TUCSON (KGUN9-TV) - Pima County residents are getting a bump in their property tax to help make county roads less bumpy.
Supervisors just passed a budget that adds 25 cents per hundred dollars of assessed value.
The county says the first year tax boost would be about 18 dollars a year for a house worth $153,000 and drop in years that follow.
Pima County collects property taxes whether your property is inside the unincorporated county or inside city limits. So the money collected cannot be limited just to unincorporated county roads. Cities will get a share too.
Instead of the original plan that let supervisors decide which roads get repairs in their districts, some supervisors wanted a county wide advisory board.
Supervisors Ally Miller and Steve Christy wanted to keep the last word for their districts, Richard Elias worried road repairs would be political favors.
He said, “I'm sorry but the days of that kind of pork barrel decision making is gone. Supervisors shouldn't sit here and pontificate on where that money's going to be spent without having a realistic process that involves citizens, that involves intelligent discussion that is not just at a Supervisor's whim over what roads are going to be improved."
Steve Christy said, “I don't know how the discussion devolved into pork and to whims and….
Elias interrupted Christy.
Christy: "Could I please speak?"
Elias: I'm just telling you..."
Christy: And to people of certain positions in the community.”

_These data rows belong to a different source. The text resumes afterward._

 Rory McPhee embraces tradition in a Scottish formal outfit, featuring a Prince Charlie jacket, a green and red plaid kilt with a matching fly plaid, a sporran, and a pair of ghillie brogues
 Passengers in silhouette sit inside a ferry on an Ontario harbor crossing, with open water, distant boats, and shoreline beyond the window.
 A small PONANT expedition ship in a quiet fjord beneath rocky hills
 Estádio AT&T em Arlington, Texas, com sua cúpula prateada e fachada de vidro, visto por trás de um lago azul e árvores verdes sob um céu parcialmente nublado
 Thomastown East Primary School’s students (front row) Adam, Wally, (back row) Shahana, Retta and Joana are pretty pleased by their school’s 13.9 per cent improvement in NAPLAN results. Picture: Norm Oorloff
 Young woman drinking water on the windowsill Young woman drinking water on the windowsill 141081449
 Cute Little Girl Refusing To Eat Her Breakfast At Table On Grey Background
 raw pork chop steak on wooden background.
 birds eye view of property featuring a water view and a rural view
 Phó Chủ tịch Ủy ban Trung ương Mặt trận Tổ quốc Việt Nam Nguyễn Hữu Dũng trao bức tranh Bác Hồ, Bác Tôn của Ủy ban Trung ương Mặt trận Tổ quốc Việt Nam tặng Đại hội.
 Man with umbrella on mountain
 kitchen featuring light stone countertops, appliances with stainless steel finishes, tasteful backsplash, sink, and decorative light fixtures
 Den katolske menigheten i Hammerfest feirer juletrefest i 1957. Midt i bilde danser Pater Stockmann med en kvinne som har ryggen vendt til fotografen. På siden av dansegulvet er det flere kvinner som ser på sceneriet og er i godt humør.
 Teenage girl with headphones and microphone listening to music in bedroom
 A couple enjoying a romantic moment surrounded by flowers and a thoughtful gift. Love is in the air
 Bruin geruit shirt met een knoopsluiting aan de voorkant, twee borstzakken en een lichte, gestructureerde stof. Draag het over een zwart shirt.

Christy said he just wanted to stay with the original plan and feels Supervisors are close enough to their constituents to be the best judges of where to apply road repair money.
But he and Miller lost a three to two vote. The advisory committee will recommend repairs, but the entire board of supervisors will decide which roads get repairs.
Supervisors are thinking about switching to a sales tax to raise money for roads.
They decided to spend a year asking the public whether it should use sales tax to help pay for the roads.
To help improve roads Pima County Supervisors are thinking about asking you to spend an extra half cent for every dollar you spend. But people who live in the unincorporated county are already spending more than six cents per dollar when you consider state sales tax and tax for the Regional Transportation Authority. Other jurisdictions, other cities stack on even more sales tax. The City of Tucson would end up with a total tax bill of about nine-point-one cents per dollar.
Sales tax would probably raise more money and tap into tourist dollars but it's often rapped as harder on the poor because they pay a bigger share of their income on everyday expenses.
Supervisor Richard Elias says, “District 5 has some very tough neighborhoods. Sales taxes are regressive in nature. They impact the poor far greater than they do people who are affluent. That makes me very uncomfortable."
But Elias says the county should at least look into diversifying how it covers its' costs.
Supervisor Ramon Valadez says nobody likes raising taxes but the county's running out of options.
"When options are presented and all we say is 'no' does the problem go away?"
So supervisors voted unanimously to ask what voters think and decide in time for next year's budget whether to impose a sales tax.